# YO-ZURI HYDRO SQUIRT



## Kez (Nov 5, 2008)

I saw these at anaconda for $23

Has anyone used them, are they any good? they sure do look like an excellent lure for Kings i think.


----------



## grant ashwell (Apr 24, 2007)

Was was told that the brown is best. Have several colours and have towed mine quite a few K but nothing...but then again my record with lures is poor and I only tow when live bait is short.

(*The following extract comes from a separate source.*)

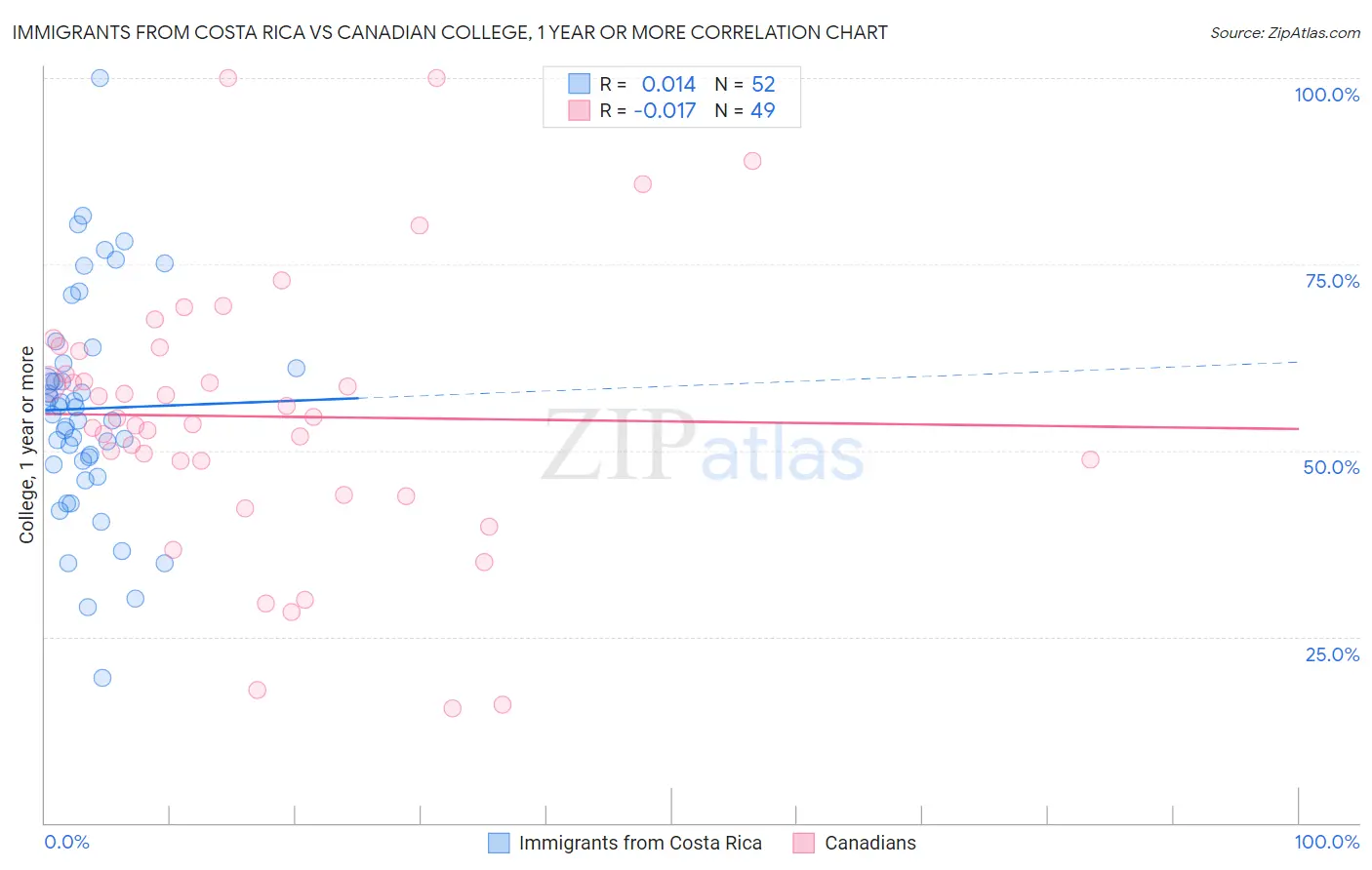 Immigrants from Costa Rica vs Canadian College, 1 year or more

They look good in the flesh.


----------



## wopfish (Dec 4, 2006)

Yup I own a couple keza... have trolled the pink one at cloey - no takers - but didnt really perservear..... I also owned another brand in smaller size and brownish / natural - had a big salmon take it up at port stephens..... I have heard good stories about the squirts but yet to see results


----------



## grinner (May 15, 2008)

very pretty, they look like they'd get a few hits trolling up and down oxford st


----------



## GoneFishn (May 17, 2007)

I have been eyeing them off at work, they do look good but I reckon they would maybe :? work better on a cast and retrieve using a jerk and pause technique.


----------



## wopfish (Dec 4, 2006)

GoneFishn said:


> using a jerk and pause technique.


 Surely it works that way when trolling and paddling........ as each padlde stroke breaks up the momentum......


----------



## GoneFishn (May 17, 2007)

wopfish said:


> GoneFishn said:
> 
> 
> > using a jerk and pause technique.
> ...


I was thinking of a longer pause, but yes the paddling would put a pulse to the standard action.


----------



## Bart70 (Jan 28, 2007)

grinner said:


> very pretty, they look like they'd get a few hits trolling up and down oxford st


They actually remind me a bit of Jeanne Little! :lol:


----------



## johnny (Aug 12, 2007)

They are an update of an old yo zuri lure..I reckon that they are one for the tropics


----------



## rawprawn (Aug 31, 2005)

wopfish said:


> GoneFishn said:
> 
> 
> > using a jerk and pause technique.
> ...


I find a slightly longer pause works well sometimes, particularly if the lure suspends.


----------



## sbd (Aug 18, 2006)

I've had several, big ones & small ones, in purple, blue & brown. They look the biz, swim well & have caught me nothing. I'm sure that they'd catch rats off Longy, but so would a dried turd ;-) .


----------



## wopfish (Dec 4, 2006)

The story goes that in general kings do not go for Hbs as the noise freaks them out a bit......... so trebles - and rattles - no good......


----------



## widsa (Nov 26, 2008)

They sure do look good, I'm wondering how they would go on the big Snapper..


----------



## LoboLoco (Feb 1, 2008)

I have caught plenty of salmon and taylor on them, I did manage a few flathead in shallow water. I have since been making my own squid lures which seem to be just as effective


----------